Big Brother, Big Mac
Des décors pleins de vie, cosmopolites, modernes, mais où surnage inlassablement un impérissable malaise. Dispersées tout au long du recueil, les courtes histoires de 1986 Again, allant de deux planches à quarante pour le central So Fast on Their Shiny Metal Cars, plantent habilement le décor, délivrant des instantanés parfois glaçants, parfois absurdes, d’une société purement discriminante, ne visant que le contrôle des populations et la ségrégation de ceux jugés inaptes. Wonder City ne fait que développer ces propositions en les intégrant dans un récit plus complète, histoire d’amour au milieu d’une dystopie où un cadre bien intégré tombe pour les beaux yeux d’une musiciens rebelle dont le droit à avoir un enfant va être bafouée, leur faisant découvrir un plus large complot sur font de racisme et d’eugénisme. Enfin Shelter, devenu depuis Shelter Market (avec entre autres l’ajout de 37 pages), décrit par le menu le terrible destin de quelques survivants d’une apocalypse nucléaire réfugiés dans un centre commercial bunker. L’utopie libéraliste qui se mue (ah tiens ?) en pur cauchemar alors que la mécanique fasciste renait le plus naturellement du monde, entre censures culturelles, interdits politiques et marchandisation des femmes, quelque part entre 1984 et La Ferme des animaux… avec beaucoup de MacDo. Terrifiants, ces récits d’anticipation font peut-être encore plus froid dans le dos aujourd’hui, dépassant le statut de visionnaire pour s’apparenter à des descriptions du possible de nos société capitalistes malades et archaïques.

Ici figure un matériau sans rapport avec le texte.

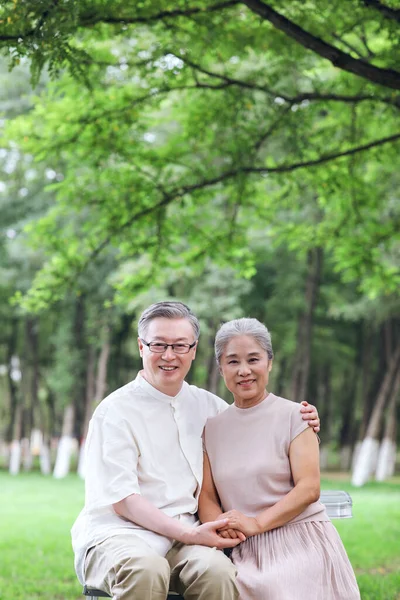 Glada gamla par sitter på stolar i utomhus park — Stockfoto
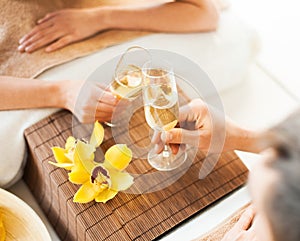 Woman and man hands with champagne glasses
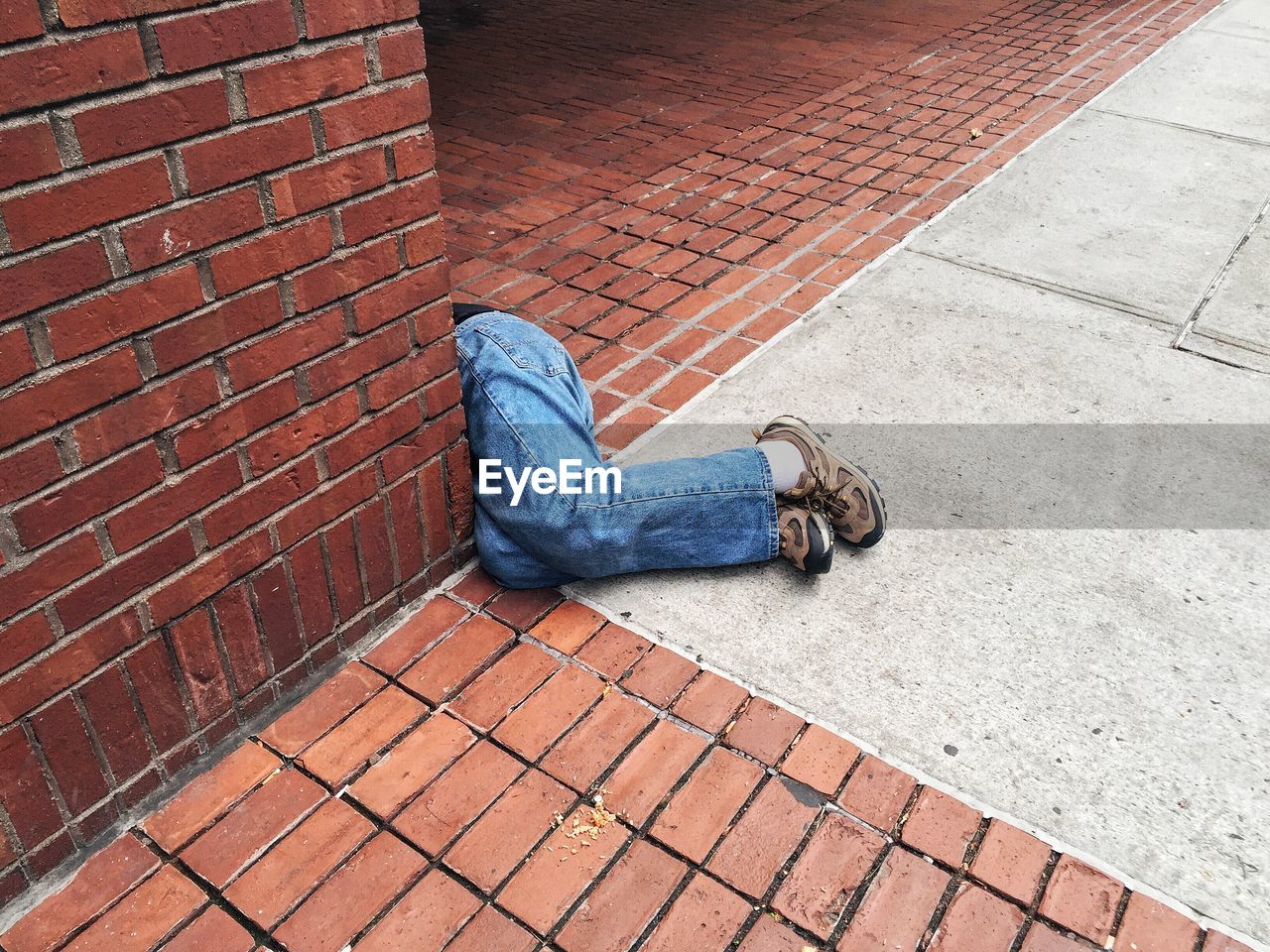 Low section of person sleeping by brick wall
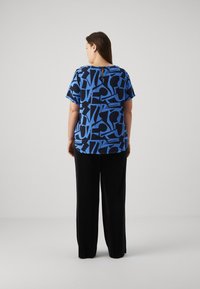 Blue patterned short-sleeve top with black abstract designs, paired with high-waisted black wide-leg trousers. Smooth texture, relaxed fit.
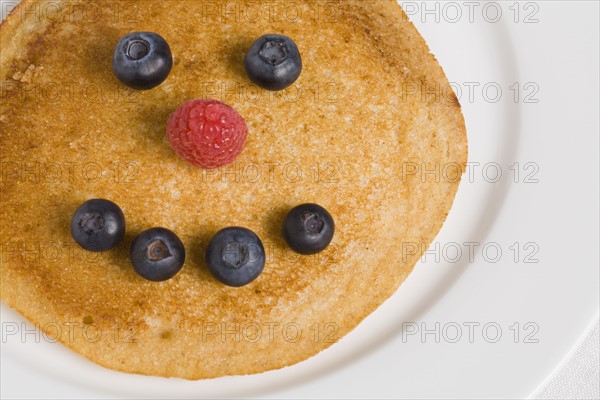 Pancake with smiley face made from blueberries and raspberry. Photographe : Kristin Lee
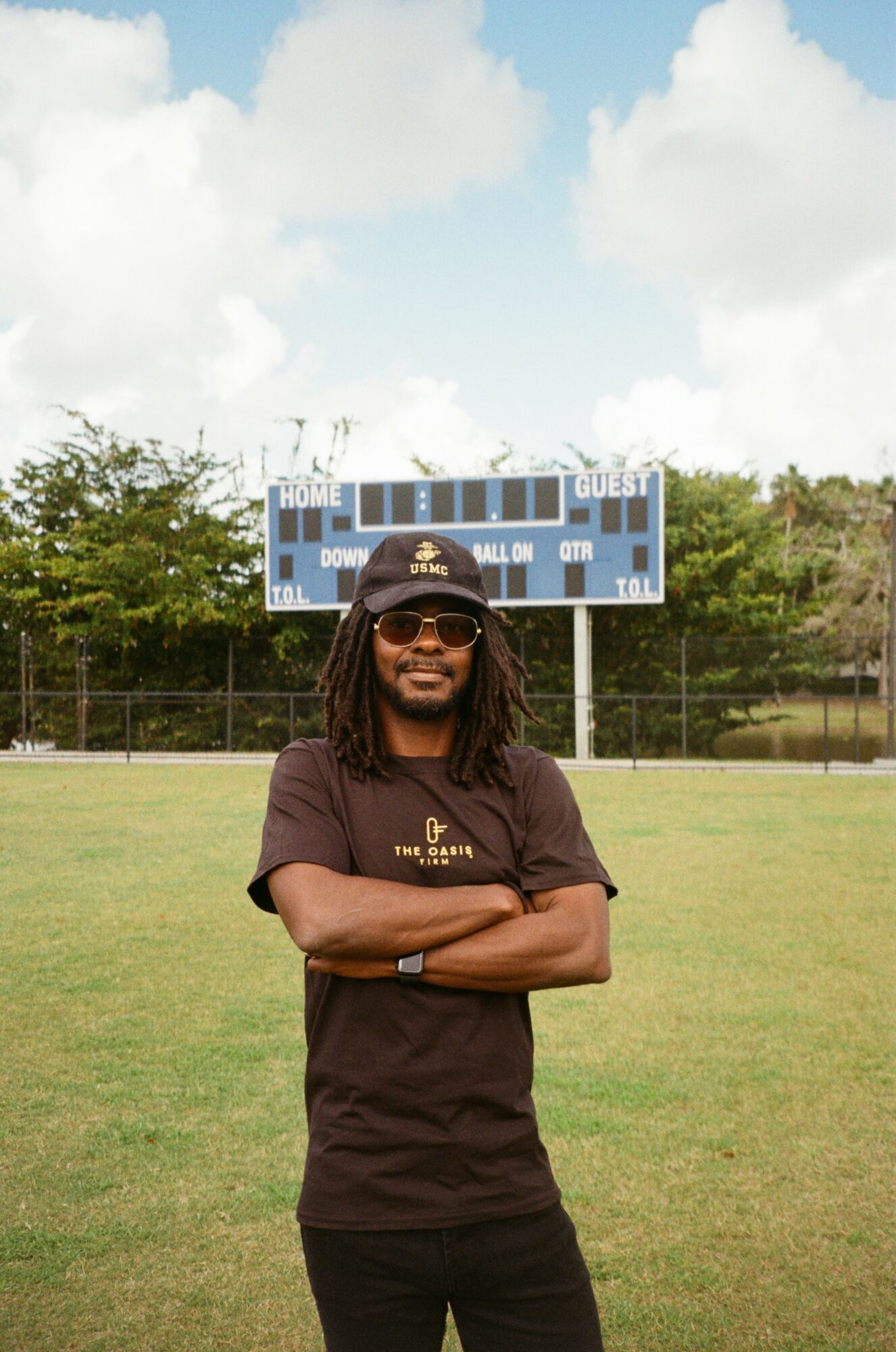 Person with long hair, sunglasses, and a hat standing on a grassy field with a scoreboard in the background.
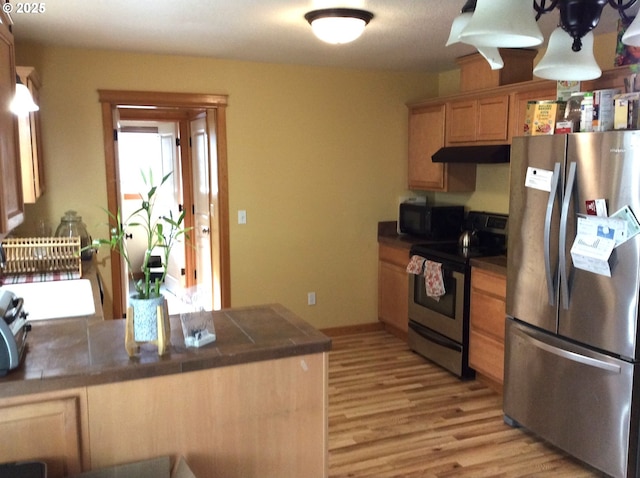 kitchen featuring appliances with stainless steel finishes, tile countertops, light hardwood / wood-style floors, and kitchen peninsula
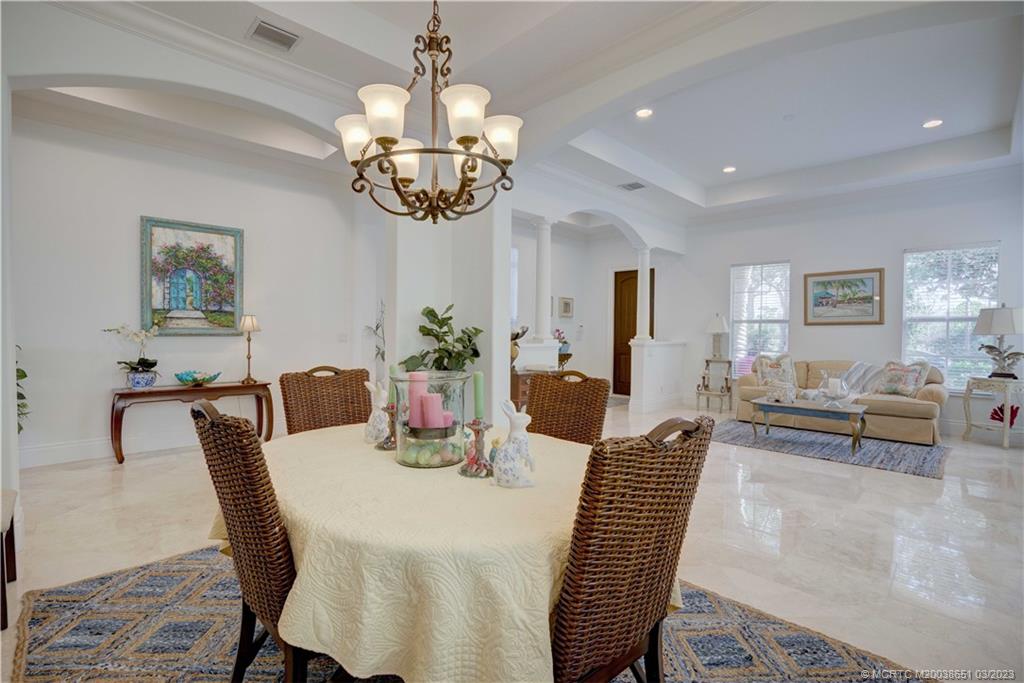 112 Tulip Tree Court Jupiter, FL 33458 - Photo 45 of 76 a view of a dining room with furniture a chandelier and wooden floor
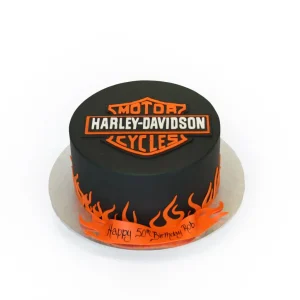 Harley-Davidson birthday cake with black fondant, orange flame decorations, logo topper, and ribbon base.
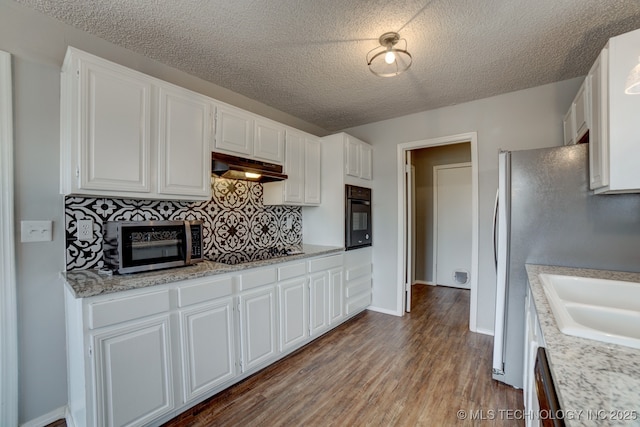 kitchen featuring decorative backsplash, white cabinets, a sink, under cabinet range hood, and black appliances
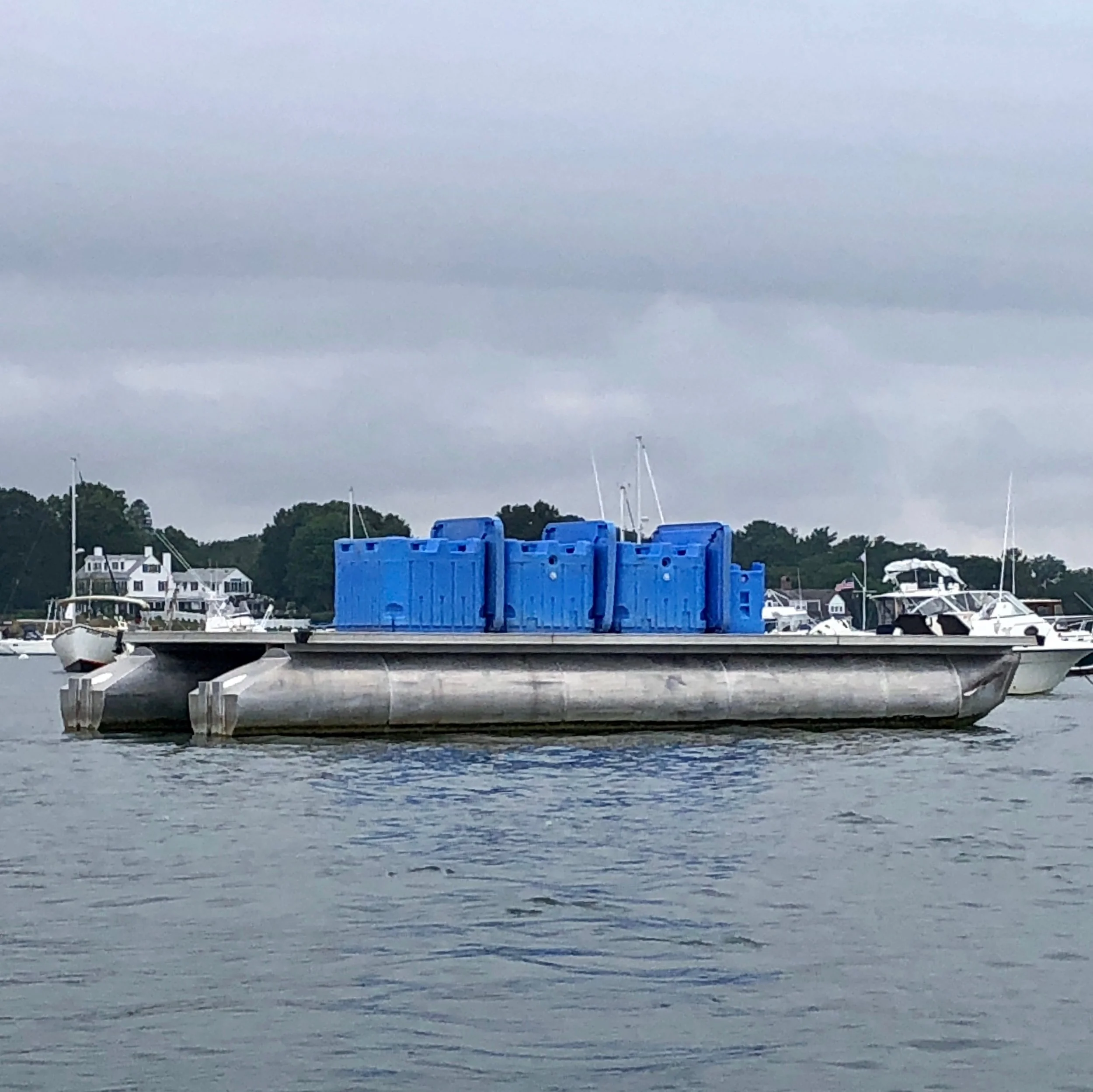 The barge, which which transports bagged oysters to the refrigerator truck.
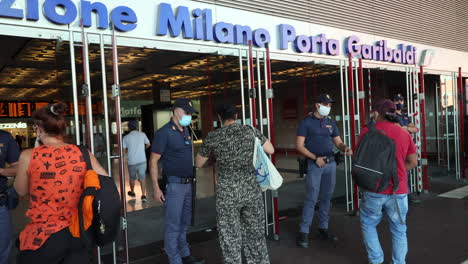 police-check-passengers-entering-Garibaldi-train-station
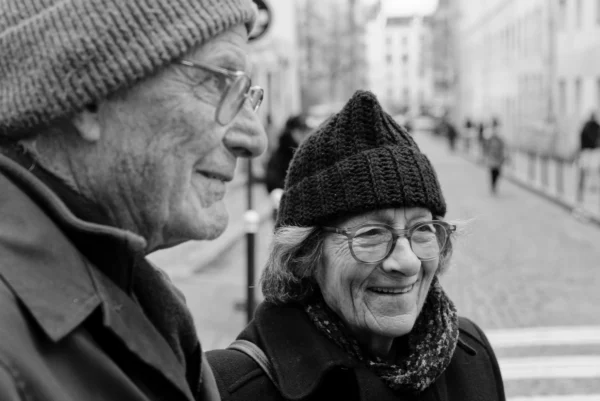 Mickaël · 10/01/2026 · 4180 x 2790 Cette photographie en noir et blanc met en scène deux personnes âgées comme sujets principaux, souriantes et en conversation. La composition est serrée, centrée sur leurs visages, avec un cadrage rapproché. L’arrière-plan flou montre une rue légèrement animée.La lumière est douce et naturelle, sans contraste marqué. Les tons dominants sont les gris et noirs, typiques du noir et blanc, accentuant les textures des vêtements et des visages.Le style est documentaire et intimiste, évoquant une ambiance chaleureuse et authentique, pleine d’humanité et de simplicité.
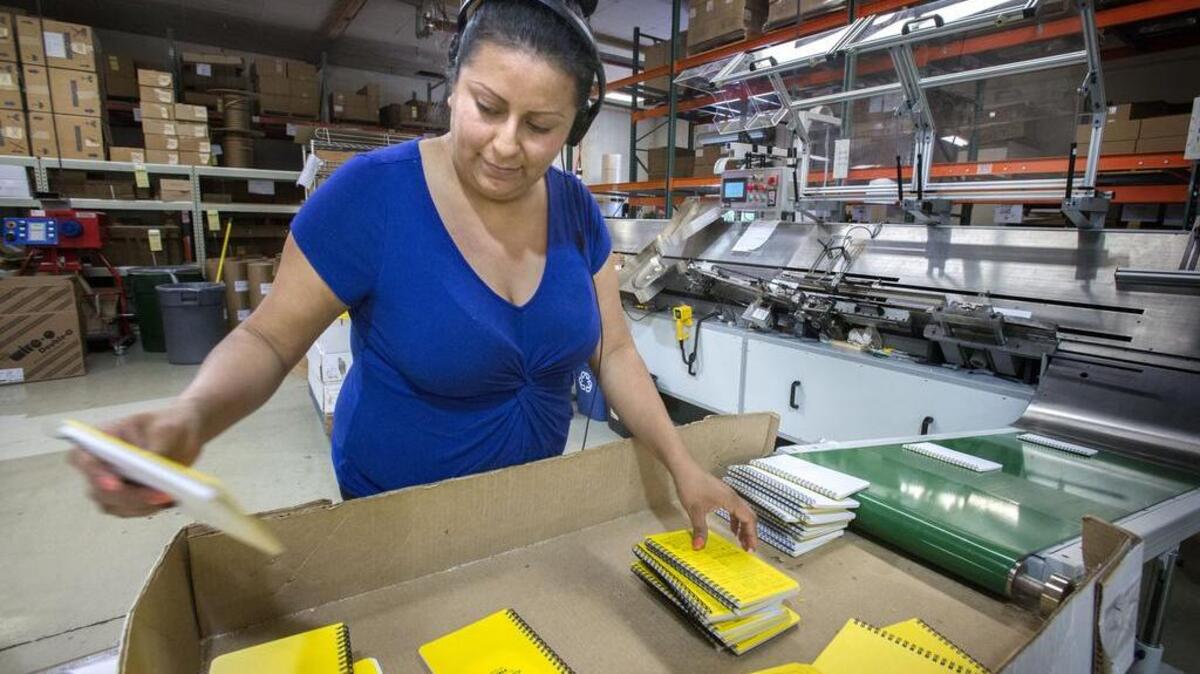 Rite in the Rain employee Sofia Gonzalez sorts notebooks after they were assembled by the spiral binding machine at the company plant in Tacoma last month.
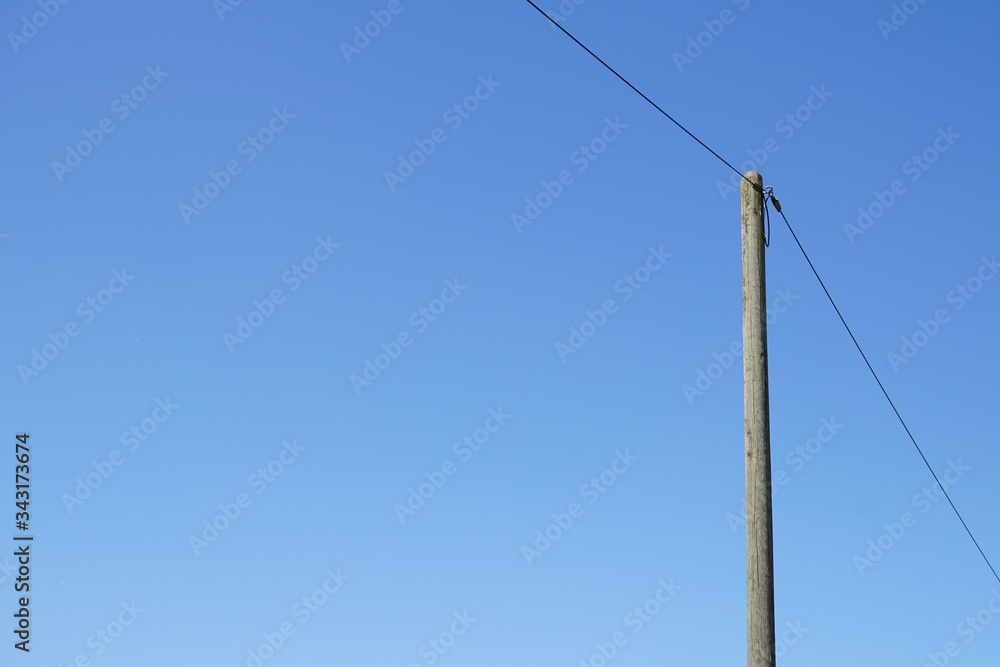 A single high voltage power line against blue cloudless sky. Overhead line on a wood pylon.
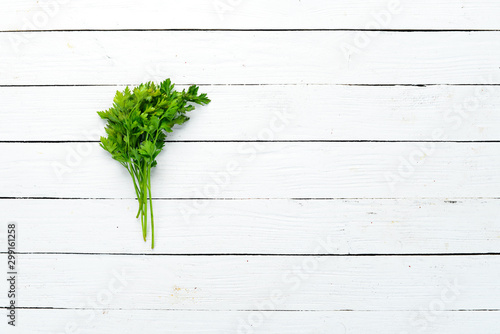 Fresh parsley on white wooden background. Top view. Free space for your text. © Yaruniv-Studio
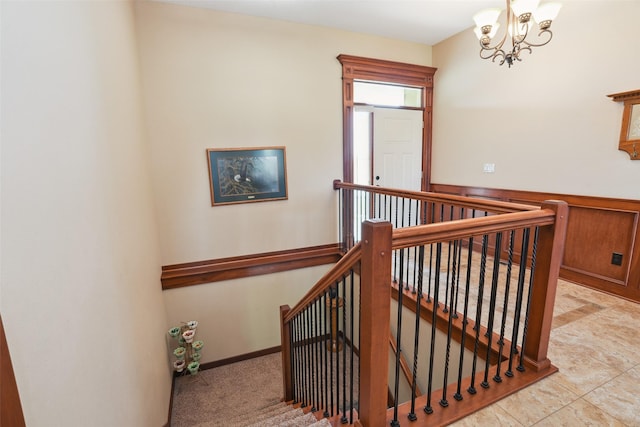 4014 NE Bellagio Cir, Ankeny, IA 50021 - staircase featuring a chandelier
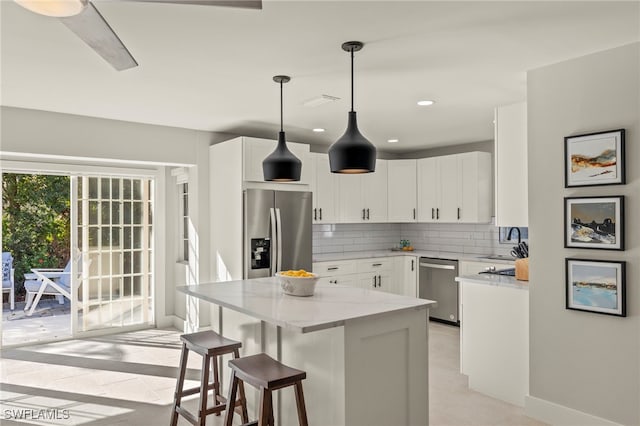 kitchen with backsplash, light stone countertops, light tile patterned floors, white cabinetry, and stainless steel appliances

Chantal Montellier, elle n’a jamais fini d’avancer, de poser les bonnes questions, de favoriser la prise de position politiques et féministes (elle a d’ailleurs co-crée le fameux prix Artémesia) et de revenir sur ses créations, pour les faire évoluer, s’étoffer, voire changer de visages. Wonder City fut ainsi légèrement peaufiné pour sa première sortie en album chez Les Humano en 1983, tandis que Shelter Market fut entièrement repensé pour sa réédition aux Editions Nouvelles en 2017 avec une pagination plus ample et une approche visuelle désormais pleines de couleurs, de collages et d’expérimentations aux lisières du pop art délirant. Enfin pour la première fois, les épisodes de 1986, devenu lui 1986 again, sont repassées entre les mains de la dessinatrice avec de grandes variations dans la bichromie, des réorganisations de cases et de bulles, et là aussi un mélange de reliefs étranges et de photomontages qui ne font qu’accentuer la sensation de malaise. On peut d’ailleurs s’amuser à reconnaitre Mr Dionnet à plusieurs occasions, qui lui-même la considérait comme « l’un des rares auteurs véritables de la bande dessinée française ».